«Mon véritable adversaire n’a pas de nom, pas de visage, pas de parti. Il ne présentera jamais sa candidature. Il ne sera donc pas élu et pourtant, il gouverne. Cet adversaire, c’est le monde de la finance.» François Hollande, dans ce qui fut pour beaucoup un discours fondateur,au Bourget le 22 janvier 2012 ajoutait : «Maîtriser la finance commencera ici par le vote d’une loi sur les banques qui les obligera à séparer leurs activités de crédit de leurs opérations spéculatives.» Cette proposition est en 7e position dans son programme. Une année s’est écoulée et le projet de loi sur la séparation des banques sera discuté en février au Parlement.
Rien dans ce projet de loi présenté en Conseil des ministres avant Noël n’oblige en effet les banques à séparer leurs activités. Il propose tout juste de filialiser les banques de dépôts et les banques d’affaires. Et seulement 1% des activités financières seront cantonnées dans une filiale et 99% des activités les plus dangereuses continueront d’être couvertes par l’Etat en cas de défaillance et donc de menacer les dépôts des Français et notre économie.
La filialisation ne règle rien, elle n’empêche pas une maison mère d’être mise en difficulté par la faillite d’une de ses filiales.
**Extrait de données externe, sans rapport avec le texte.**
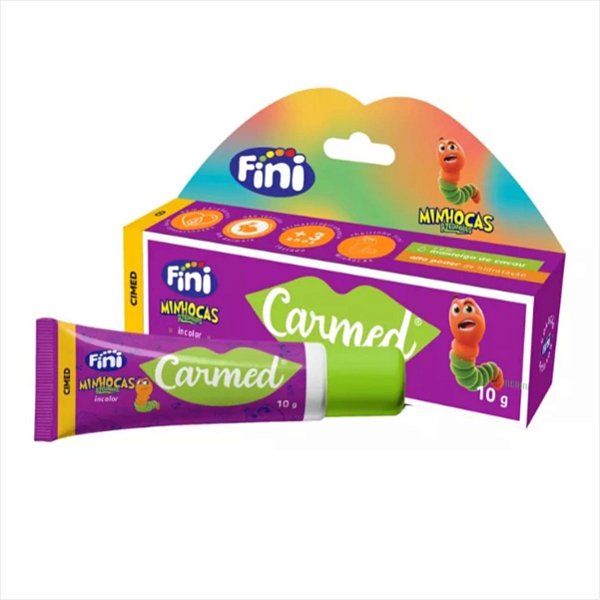 Protetor labial Carmed Fini Minhocas Azedinhas Incolor 10g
L’exemple d’AIG en 2008 en a fait la démonstration : 116 000 employés d’un côté, coulés par une microfiliale (350 employés) qui avait accumulé suffisamment de risques (1 600 milliards de dollars) pour faire chuter l’ensemble du groupe. Le premier assureur mondial a été sauvé in extremis par le gouvernement américain - c’est-à-dire le contribuable - afin d’éviter l’effondrement du système tout entier.
Autre chantage : «Si vous séparez les activités, nous fermerons des agences, il y aura des chômeurs en plus.» Ah bon ? L’activité des banques de dépôt va augmenter et vous allez fermer des agences ? Nous pensons au contraire qu’il faudra embaucher des banquiers pour booster l’activité de crédit aux PME, aux ménages, étudier les dossiers, les faire avancer, grandir, les refuser aussi parfois, bref : faire un vrai travail utile, visible, critiquable ou admirable.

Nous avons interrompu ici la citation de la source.